Telling a Story

  • Data visualization helps make an argument more persuasive by being easier to digest. Data visualization is a means to tell a story about the world.
    • The story may or may not be true. Data visualization can be used to lie.
  • Sketch a data story with this four-part process:
    • Define the problem to be solved (“We need to X because Y”)
    • Frame the problem as a question.
      • Use this question to facilitate the search for data.
      • Be open to changing this question when evidence points to a more meaningful direction.
      • Always state the question before the answer.
      • Make sure the question is aligned with the problem being solved.
    • Define the means to answer the question.
    • Plan a data visualization to tell the story.
  • Choose an appropriate data visualization tool. (see here)
  • Data and numbers are not necessarily neutral. When working with data, ask whose story is being told. Data can be used to lie or obfuscate.
  • Tell, Show, Why
    • Tell the interesting aspects of the data. Tell it in the most succinct way possible.
    • Show visual evidence to support this argument
    • Remind the reader why it matters.
  • Do not leave it up to the audience to guess what the data means. Data visualizations do not speak for themselves.

Data Preprocessing

  • Consider what kind of data are out there, where and how they can be obtained, and whether the data raise privacy issues or should not be published.
  • Source your data by having a descriptive file name, detailed notes, and a backup of the data. Also explain any blank or null values.
  • Clean your data. Look out for missing or incorrect values within the data.
    • If the data are too messy, it is at the analyst’s discretion whether or not to continue using these data.
    • Most of the work in data analysis is often just making sure the data is clean.
    • Automate this process:
      • Use Find and Replace liberally
      • Use Histograms to find outliers or weird entries.
      • Transpose the data for data visualization purposes.
      • Split data into more columns by splitting on some delimiter (i.e., spaces or commas).
      • Use Formulas (as in spreadsheets) liberally to get derived values
      • Automate data extraction through OCR or Tabula
  • Question your data. Understand how to interpret the data and any inherent methodological or sociopolitical biases within the data. Know which aspects are unanswerable from the data alone.
  • Know the limitations of the data. Specify these in the actual data story.

Data Processing

  • Data are only useful if you use it in comparison to something else.
    • Be precise. Use the correct terminologies. Be wary of data phrased in a misleading way.
    • Causation != correlation. Phrase with this in mind.
    • Prefer to normalize the data to make meaningful comparisons. Prefer to normalize data when it is not formatted in a common scale or metric to allow for direct comparison.
      • Adjust to rescale data appropriately.
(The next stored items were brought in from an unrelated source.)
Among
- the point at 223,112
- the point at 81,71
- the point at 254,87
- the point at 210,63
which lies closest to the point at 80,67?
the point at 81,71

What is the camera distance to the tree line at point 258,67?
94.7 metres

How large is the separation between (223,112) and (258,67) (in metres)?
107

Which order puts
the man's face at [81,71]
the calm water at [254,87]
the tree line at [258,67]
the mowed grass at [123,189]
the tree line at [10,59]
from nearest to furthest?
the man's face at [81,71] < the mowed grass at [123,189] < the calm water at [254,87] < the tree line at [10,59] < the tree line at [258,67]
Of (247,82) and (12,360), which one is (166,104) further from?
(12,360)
Compare rates not values.
      • Adjust to account for seasonality or change over time.
      • Use a standard score or index for the data.
    • Account for biases in the data when making a comparison.
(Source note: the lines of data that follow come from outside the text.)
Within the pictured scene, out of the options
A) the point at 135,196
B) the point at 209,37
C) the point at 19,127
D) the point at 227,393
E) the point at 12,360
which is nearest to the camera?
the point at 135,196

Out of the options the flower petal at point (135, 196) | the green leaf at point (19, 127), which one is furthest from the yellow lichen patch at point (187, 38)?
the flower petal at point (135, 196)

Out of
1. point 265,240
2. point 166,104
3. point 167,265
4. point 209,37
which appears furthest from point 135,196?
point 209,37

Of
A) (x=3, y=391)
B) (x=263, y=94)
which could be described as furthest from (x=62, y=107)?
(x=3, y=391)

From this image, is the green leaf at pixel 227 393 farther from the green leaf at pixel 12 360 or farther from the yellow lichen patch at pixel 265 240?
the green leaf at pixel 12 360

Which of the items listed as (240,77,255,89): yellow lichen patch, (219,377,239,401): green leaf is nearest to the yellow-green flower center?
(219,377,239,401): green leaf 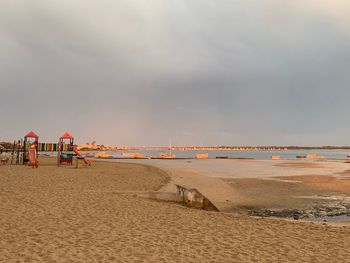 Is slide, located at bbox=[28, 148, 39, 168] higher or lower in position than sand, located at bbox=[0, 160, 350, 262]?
higher

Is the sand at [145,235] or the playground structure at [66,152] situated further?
the playground structure at [66,152]

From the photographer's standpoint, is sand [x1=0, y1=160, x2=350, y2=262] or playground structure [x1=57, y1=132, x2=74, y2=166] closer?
sand [x1=0, y1=160, x2=350, y2=262]

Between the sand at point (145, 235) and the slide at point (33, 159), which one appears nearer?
the sand at point (145, 235)

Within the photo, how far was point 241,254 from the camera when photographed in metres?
7.31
“It’s unrealistic to pretend that we can create a perfect model. But we can certainly come up with a good enough one” 1

Techniques

Charts

  • What chart type should you use?
  • Before creating a chart ask: Does a visualized data pattern really matter to the story?
    • Judge a chart based on its goals. (for more on this, see here)

Rules of Thumb

  • The title should tell a story of its own. This may be combined with a more technical subtitle.
  • Use legends and annotations to provide more context.
  • Specify Data Sources and Credits to give context on where the data came from.
  • Specify uncertainties within the data.
  • Make sure all essential information is visible without any user interaction.
  • Bar, Column and Area charts always start at the zero baseline. The baseline of the chart should be obvious as this is one way to lie with the data.
  • Pie charts represent 100% of the quantity.
  • Line charts are judged based on the shape of the line. Use appropriate scales.
  • Use only one vertical axis. Any more than this will confuse the reader.

Aesthetic Guidelines

  • Add elements as they are needed to convey the story. Do not add bloat to the chart.
    • Avoid decorative elements as these can mislead the viewer.
  • Sort the slices in a pie chart from largest to smallest starting at 12 o clock.
    • Favor rendering the data as a bar chart instead if there are many slices.
  • Do not make people turn their heads to read labels. Orient the labels horizontally.
  • Order the categories appropriately.
  • Choose natural increments that space equally. Keep typography simple
  • Choose an appropriate color palette. Consider as well the inherent symbology of some colors (i.e., red means loss, green means profit)

Maps

  • The main consideration here is the data format and the data story being told.
    • Before using a map, ask if your data can be mapped as points or polygons. These data should have a spatial component
    • Maps should correspond to only one variable. Any more and the map becomes overloaded.
    • Choropleths should use smaller geographies to better visualize the polygons.
    • Use the appropriate scale for the data story. (beware the Modifiable Areal Unit Problem)
    • Normalize all the values.
  • What Map Type should you use?
  • Choose the appropriate color palettes to help readers correctly interpret the information.
    • Use linear interpolation to emphasize outliers.
    • Use quantiles and non-linear groupings to reveal diversity in the middle ranges.
    • Use a continuous color palette to show nuances in the data unless the data story has a compelling reason to display discrete steps.
  • Use cartograms to remove biases due to map area or map projection at the cost of the map becoming more abstract.

Tables

  • Tables make sense when readers want to look up a specific row of data that is highly relevant to them.
  • Use tables when there are no visual patterns or spatial data.

Rules of Thumb

  • Make column headers stand out above data.
  • Use light shading to separate rows or columns.
  • Left align text and right align numbers for easier reading.
  • Avoid repetition by placing labels only on the first row.
  • Group and sort data to highlight meaningful patterns.
  • Use color to highlight key items or outliers.
  • Place independent variables at the column headers, and dependent variables on the side of each row
  • Percentages go vertically downward not horizontally.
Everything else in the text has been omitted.